Many elementwise operations are supported. It is worth noting that the hardware generally only supports elementwise computation using 32-bit types. When loading operands that use lower-precision types, they should generally be upcast to a 32-bit type before applying elementwise ops.

It is worth noting that they can vary significantly in their cost. As such, we outline three categories of supported operations: cheap (🟢), medium (🌕) and expensive (🔴).

Operation

Cost

jnp.add, +

🟢

jnp.sub, -

🟢

jnp.mul, *

🟢

/, //, %

🌕

jnp.max, jnp.min

🟢

jnp.where (select)

🟢

jnp.abs

🟢

|, ^, &, ~

🟢

<<, >>

🟢

Comparisons (==, …)

🟢

Type casts (.astype)

🟢

jnp.exp

🌕

jnp.tanh

🌕

jnp.pow

🌕

jnp.sin

🔴

jnp.cos

🔴

Many JAX functions are implemented in terms of other JAX primitives, so this list might not be comprehensive. For example, jax.nn.relu is implemented in terms of comparisons and jnp.where will work in Pallas kernels too.

Array constructors#

All constant array constructors are supported (jnp.ones, jnp.zeros, jnp.full). Notably, the jax.random module is not compatible with Pallas as of today.

Reductions#

Sum, maximum and minimum reductions are supported, but only on a single array axis at a time.
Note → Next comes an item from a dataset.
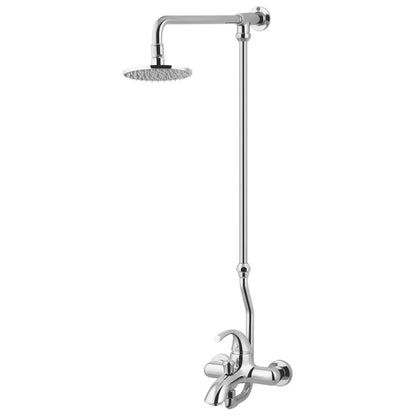 Faisal Arctic Series 4707 Bath Set Complete 8 Pieces – Premium Chrome Bathroom Accessories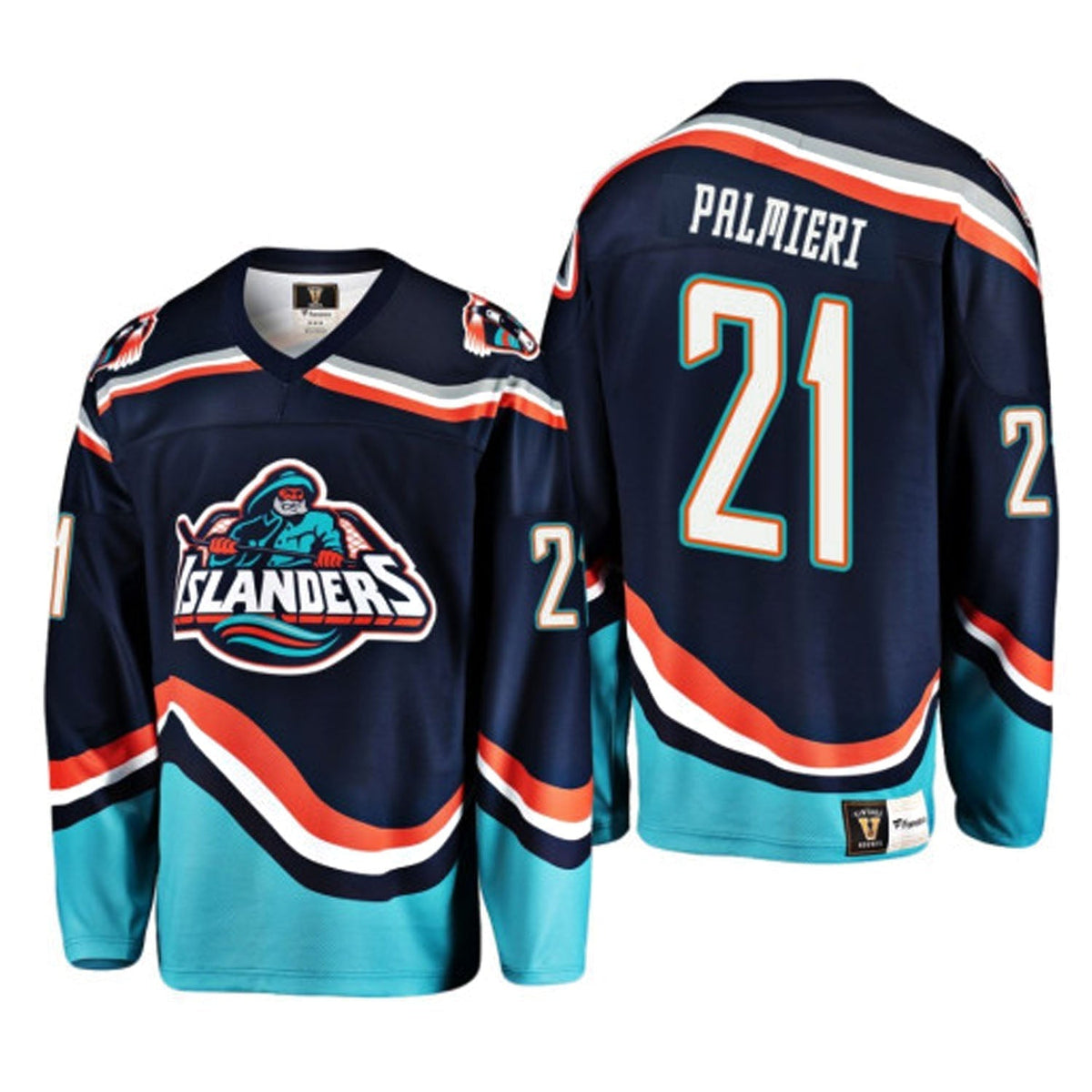 Kyle Palmieri New York Islanders 21 Jersey product image 3, provided for visual reference and product detail review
Reductions over the last array dimension are generally the slowest. Reductions over the second last dimension are faster, but still slower than over the leading dimensions.

Broadcasting#

The performance characteristics of broadcasting are very similar to those of reductions. Broadcasting along all but the two trailing dimensions is always supported and free. Broadcasting along the second to last dimension is slower, while broadcasting along the last dimension is the slowest.

Reshapes#

As usual, reshapes in all dimensions but the last two dimensions are supported and free.

The only two supported cases when a reshape can modify the last two dimensions of an array is when (1) some leading dimensions are flattened onto the second to last dimension, or (2) it adds a dimension that was just removed by a reduction.

Control flow#

The TPU backend features limited support for control flow at the moment. The currently supported functions are cond, fori_loop and for_loop. However, loop primitives get fully unrolled during the compilation at the moment, so try to keep the loop trip count reasonably small.

Overusing control flow can lead to significant regressions in low-level code generation, and it is recommended to try to squeeze as many computationally expensive operations into a single basic block as possible.